Despite my fondness for most things Nordic, I have to say that I don’t recommend Finnair. Not only is their food not very tasty, especially after British Airways (with which I was generally impressed, except for their part in losing my bags), but their customer service is terrible. It was nearly impossible to get any information about my missing bags while I was in Finland, despite repeated phone calls, checking the website, and returning to the airport.
Well, I’ve got more interesting things to write about, but I seem to be either running around the city or trying to sleep off jet lag recently, so I’ll try to write more tomorrow or Sunday.
Just a quick update as I’m on dial-up in cow country. Today’s my dad’s birthday, and he and my sister and I are in the same place for the first time in several years. At his birthday dinner tonight I promised to give blog recognition to my stepmother’s cooking, so: Thanks for all the tasty meals, Dianne!
Even though we’re a week into September, it’s mid-summer hot here in Upstate New York. I even managed to get my back sunburned yesterday washing the family cars in my bathing suit. I don’t mind; I know when I get back to St. Petersburg next week it will be chilly and autumnal.

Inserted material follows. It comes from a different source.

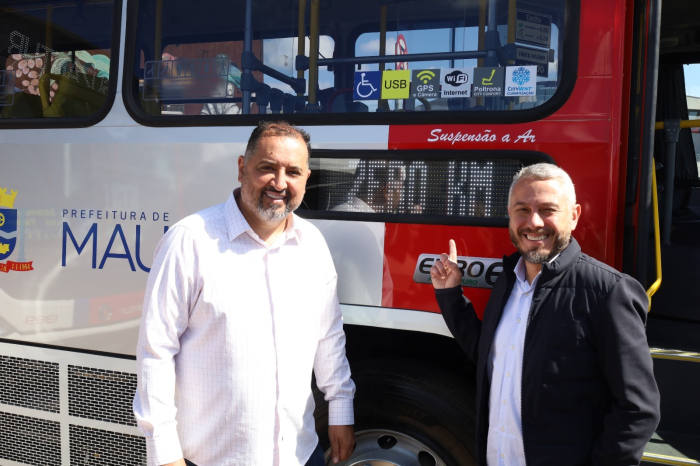 Marcelo Oliveira apresenta 50 novos ônibus e avança na modernização do transporte público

On the drive back from Boston on Tuesday I stopped by Simon’s Rock College, where I got my B.A. So much has changed in the 11 years since I graduated and the 8 years since I last visited. They’ve built a new science building, athletic center, student union, dormitory, and arts building. They’ve expanded the library, built practice rooms behind the music center, paved the roads and pathways and generally spruced the place up. It looks great. I envy the kids who are studying there now! I got to have lunch with several professors who I consider friends and have kept in touch with through the years. It was really nice, like a homecoming.
I’m spending Labor Day weekend with Aunt Kelly in Boston, where the weather has been outstanding and every other person on the street speaks Russian. Since I’ve been to Boston many times before, we’ve been mostly shunning tourist activities in favor of eating. I wanted to eat all the ethnic food that St. Petersburg doesn’t have or Russifies too much. Yes, I know that international food in the U.S. is adapted for American tastebuds and not necessarily authentic either, but that’s what I grew up with, and Indian and Mexican food with copious amounts of dill in is just wrong.
We met up with fellow blogger Wally Shedd of The Accidental Russophile and his family. We went to Stoli. Maybe it was silly for me to eat Russian food while here, but for everyone else it was an unusual treat, and it seemed appropriate to meet at a Russian place. The borsch and vareniki were pretty good, and everyone else seemed happy with their food as well. The service was a bit weird (and sexist) but I suppose I could recommend Stoli for Russophiles in the Boston area.
OK, on the positive reverse culture shock front, I had forgotten just how friendly and helpful salespeople and waitstaff are here. I can understand how Europeans coming to the U.S. can find it overwhelming and fake, but I don’t really think it’s fake, just kind of exaggerated, and I think all parties involved tend to have a sense of humor about it. Our waiter at Tapeo last night, “Gordon”, was certainly over-the-top, but it was funny.